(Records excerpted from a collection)
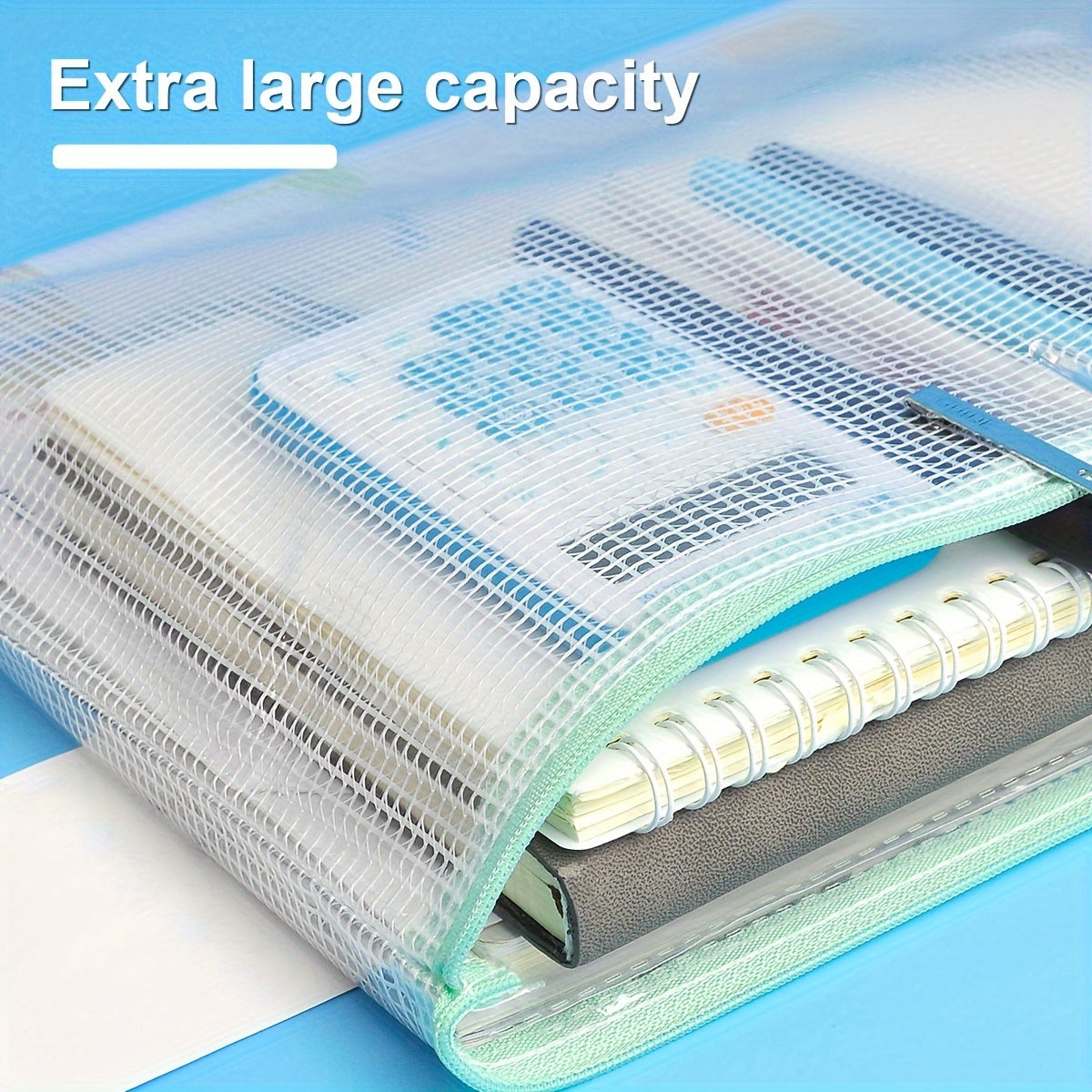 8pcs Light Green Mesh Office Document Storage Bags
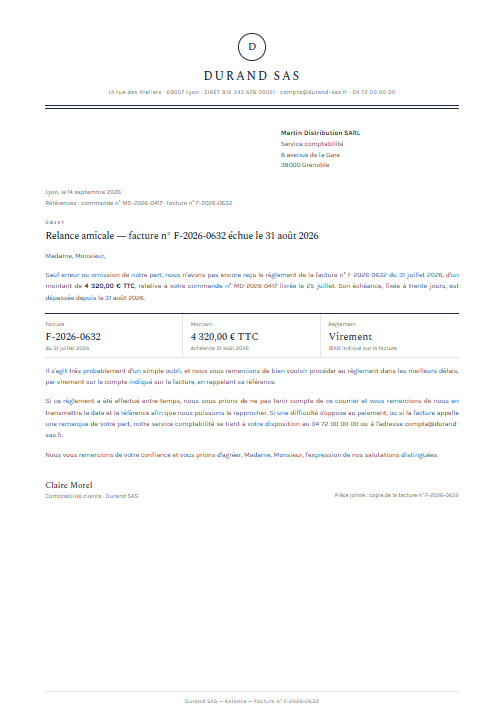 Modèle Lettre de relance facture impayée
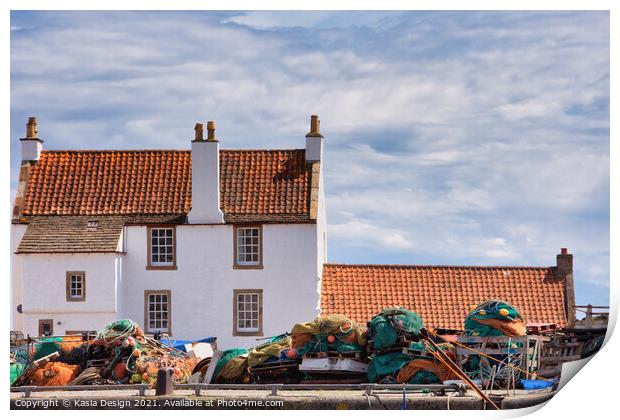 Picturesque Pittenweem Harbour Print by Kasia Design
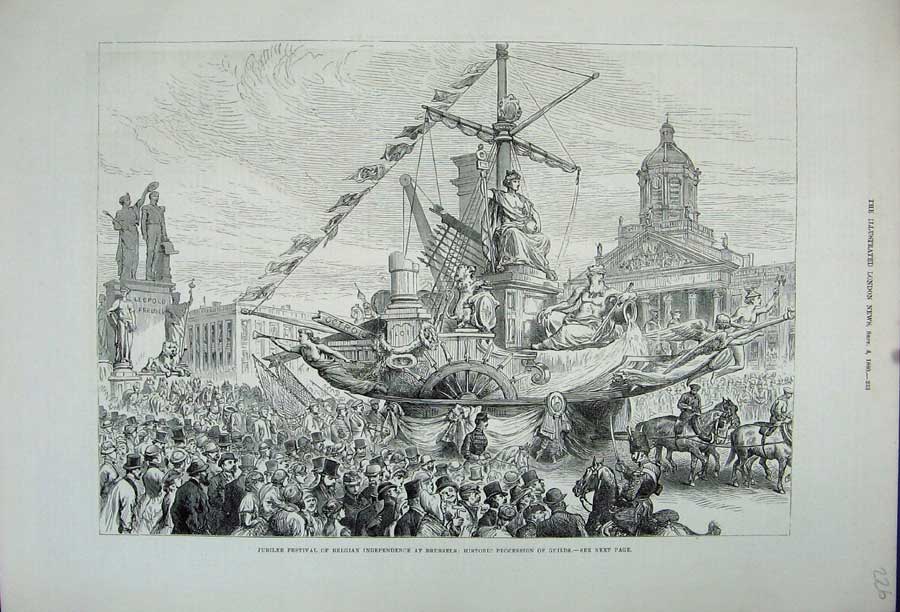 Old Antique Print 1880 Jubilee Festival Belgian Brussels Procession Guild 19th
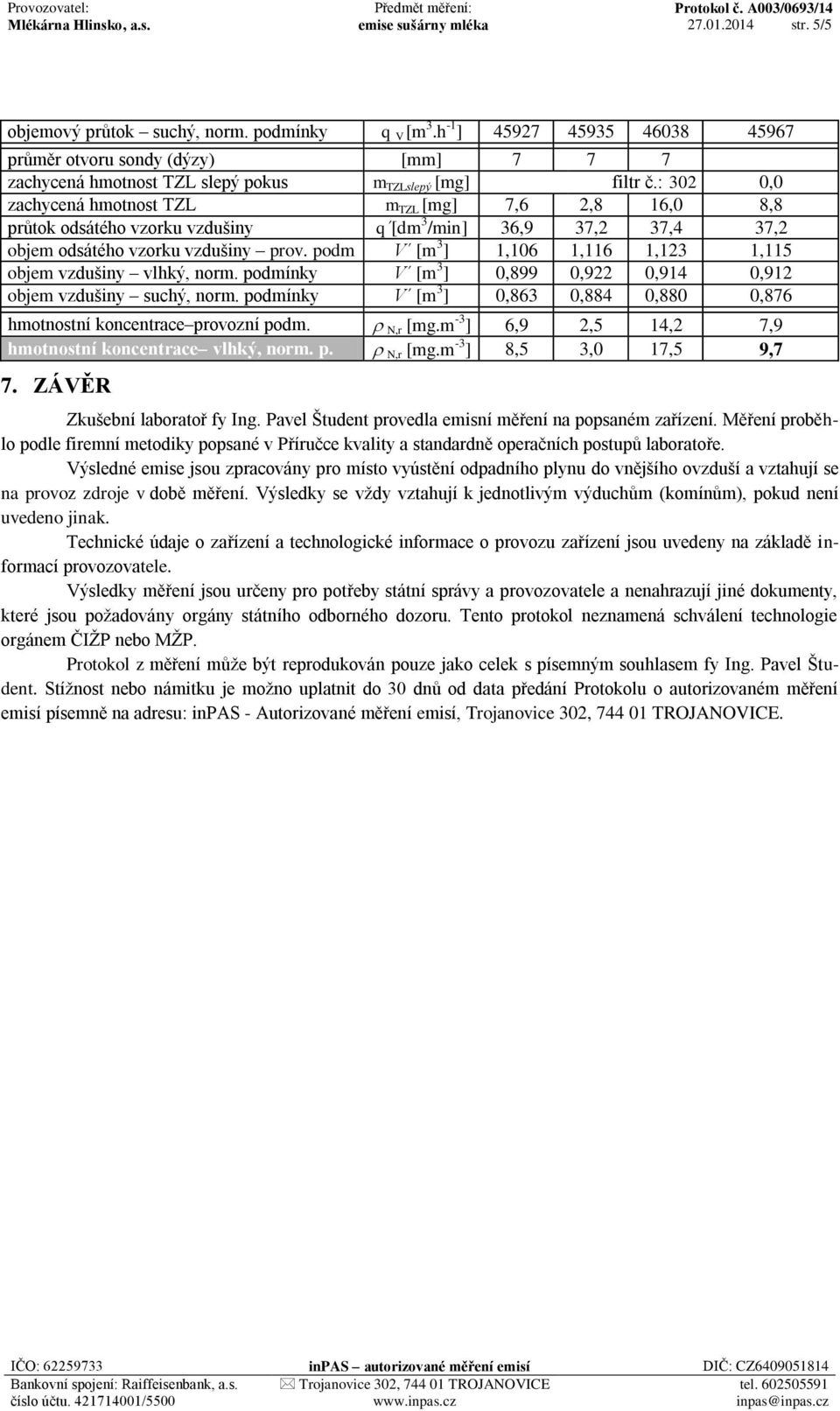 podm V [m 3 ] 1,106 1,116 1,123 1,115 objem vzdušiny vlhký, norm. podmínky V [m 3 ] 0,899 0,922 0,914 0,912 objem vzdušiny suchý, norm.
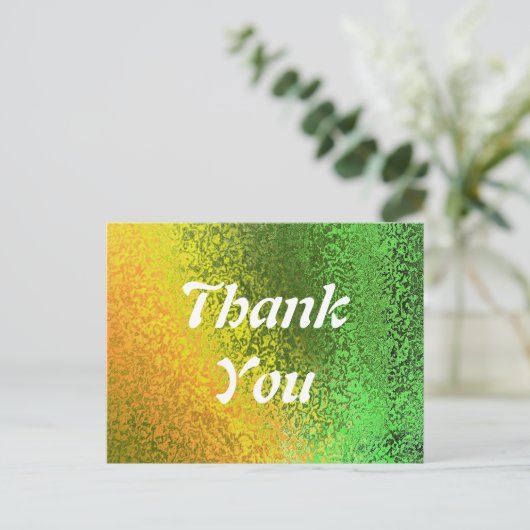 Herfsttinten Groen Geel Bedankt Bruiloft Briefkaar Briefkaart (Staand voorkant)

**DIRECTIONS FOR THIS TASK:** A faithful copy of each entry is required, and no picture may be carried into it.

**TASK OUTPUT:**
 8pcs Light Green Mesh Office Document Storage Bags
 Modèle Lettre de relance facture impayée
 Picturesque Pittenweem Harbour Print by Kasia Design
 Old Antique Print 1880 Jubilee Festival Belgian Brussels Procession Guild 19th
 podm V [m 3 ] 1,106 1,116 1,123 1,115 objem vzdušiny vlhký, norm. podmínky V [m 3 ] 0,899 0,922 0,914 0,912 objem vzdušiny suchý, norm.
 Herfsttinten Groen Geel Bedankt Bruiloft Briefkaar Briefkaart (Staand voorkant)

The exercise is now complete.